Maybe. Or maybe Sandler will reflect on some of the choices he’s made over the last decade and a flicker of regret will pass over him. Maybe he’ll think back to his stellar performance in ”Punch Drunk Love” and wonder why he didn’t follow this new public and critical reception with better, more interesting roles. Maybe he’ll think about how ironic it must look for him to star in a film that’s inexplicably even dumber than those joke premises parodied in 2009’s “Funny People.” Maybe he’ll wonder whether he wants his legacy to be hereby cemented as the unanimous king of the high-concept, lowbrow comedy, or whether he should have chosen a different path — one resembling Bill Murray’s.

By 1997, Murray was in an in-between phase. He wasn’t too far removed from great performances in “Groundhog Day” and “Kingpin,” but “Larger Than Life” and “The Man Who Knew Too Little” were both critical and financial disappointments. He was safely on the aging comedic actor trail — forgettable feel-good family comedies and the occasional TV guest spot as someone’s dad. But then, whether as an intentional career-altering move or simply on a lark, Murray took a chance on a young director’s second feature: Wes Anderson’s “Rushmore.”

While the film had a modest showing at the box office, this became a turning point role for Murray. Not in terms of the character — he’d played down-and-out, apathetic types before — but in terms of the intimacy of his performance. Murray let us in so completely that it was tough to see where Herman Blume ended and Murray began.

The man who made a career as the most ironic, self-aware, winking-to-the-audience comedic actor around calmed down and embraced a new sincerity. He was the purest cinematic embodiment of the “sad sack” imaginable and he utterly owned it. Every gesture and physical movement felt so authentic and so completely Murray. It was as though he had channeled every terrible pitch meeting, audition, press junket interview and glad-handling-agent encounter — the sadness of 25 years of pleasing people with laughs — into each droopy-faced shrug. And with that shrug, the aura of Murray was established.

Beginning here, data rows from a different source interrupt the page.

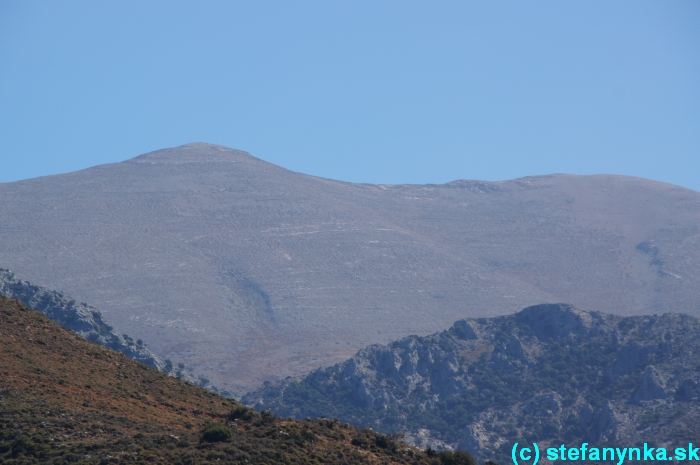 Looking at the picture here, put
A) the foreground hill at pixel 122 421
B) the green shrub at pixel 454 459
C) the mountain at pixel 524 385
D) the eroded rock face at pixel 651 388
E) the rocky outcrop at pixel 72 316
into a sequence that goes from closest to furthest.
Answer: the foreground hill at pixel 122 421 → the green shrub at pixel 454 459 → the rocky outcrop at pixel 72 316 → the mountain at pixel 524 385 → the eroded rock face at pixel 651 388

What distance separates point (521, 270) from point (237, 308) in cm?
5259

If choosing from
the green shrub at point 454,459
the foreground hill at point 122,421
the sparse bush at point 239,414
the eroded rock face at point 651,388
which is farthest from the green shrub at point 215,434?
the eroded rock face at point 651,388

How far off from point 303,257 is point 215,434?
12200 cm

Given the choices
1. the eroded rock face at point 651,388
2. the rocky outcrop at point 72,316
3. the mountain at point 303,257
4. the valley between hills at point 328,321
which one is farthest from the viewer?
the mountain at point 303,257

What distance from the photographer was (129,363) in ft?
132

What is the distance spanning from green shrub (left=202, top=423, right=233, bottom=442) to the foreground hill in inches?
1.3

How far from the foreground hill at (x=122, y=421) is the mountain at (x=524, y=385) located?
172 ft

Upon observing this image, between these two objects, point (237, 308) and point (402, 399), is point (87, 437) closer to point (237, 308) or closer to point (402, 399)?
point (402, 399)

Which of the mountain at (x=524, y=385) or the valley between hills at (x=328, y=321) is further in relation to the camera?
the mountain at (x=524, y=385)

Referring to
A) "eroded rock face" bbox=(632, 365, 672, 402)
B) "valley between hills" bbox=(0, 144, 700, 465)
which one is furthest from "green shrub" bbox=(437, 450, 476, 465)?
"eroded rock face" bbox=(632, 365, 672, 402)

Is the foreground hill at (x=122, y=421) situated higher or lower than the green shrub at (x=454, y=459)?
higher

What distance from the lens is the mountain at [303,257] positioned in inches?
4860

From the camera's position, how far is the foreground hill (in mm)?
27625

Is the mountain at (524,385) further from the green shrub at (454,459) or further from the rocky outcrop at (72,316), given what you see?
the green shrub at (454,459) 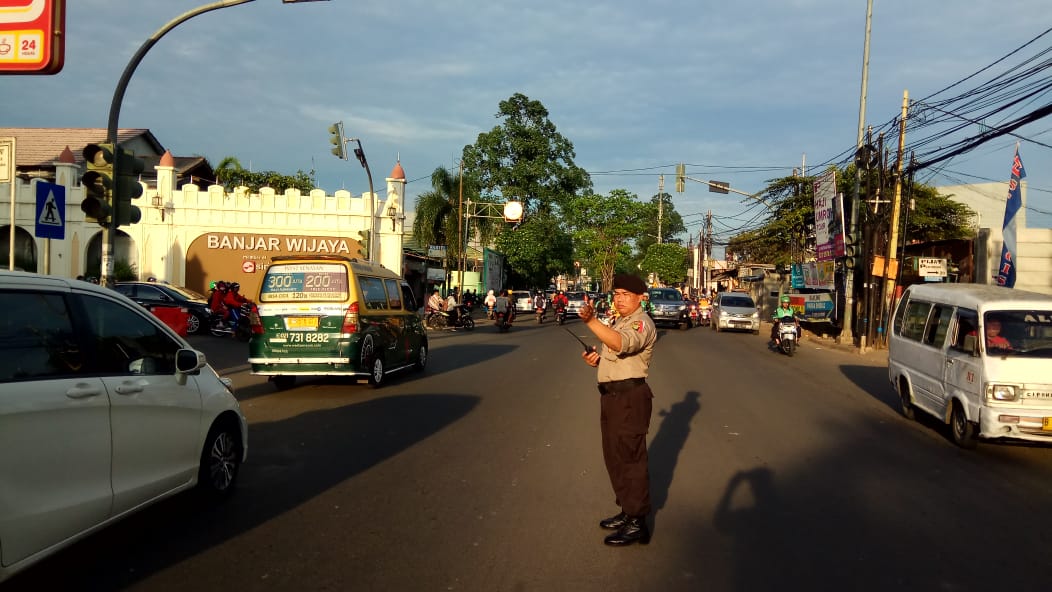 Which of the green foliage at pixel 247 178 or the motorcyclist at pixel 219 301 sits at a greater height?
the green foliage at pixel 247 178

With subsequent films like “Broken Flowers,” “Lost in Translation” and “The Royal Tenenbaums,” Murray cemented this strange, almost mystical mood and became one of the poster boys for the revitalization of indie film. These young filmmakers took him in, anointed him their figurehead, and we embraced and admired him so fully that we forgave him “Charlie’s Angels,” “Get Smart” and “Osmosis Jones.” We forgave him for hitting on an 18-year-old Scarlett Johansson in “Lost in Translation.” We even bought his excuse when he said he only signed up for “Garfield” because he thought it was written by the Coen brothers (the film was actually written by Joel Cohen, with an h). He was such a magnet for unexplainable projected affection that even the five minutes of him sleepily playing himself in “Zombieland” somehow became the most memorable and talked-about part of the film.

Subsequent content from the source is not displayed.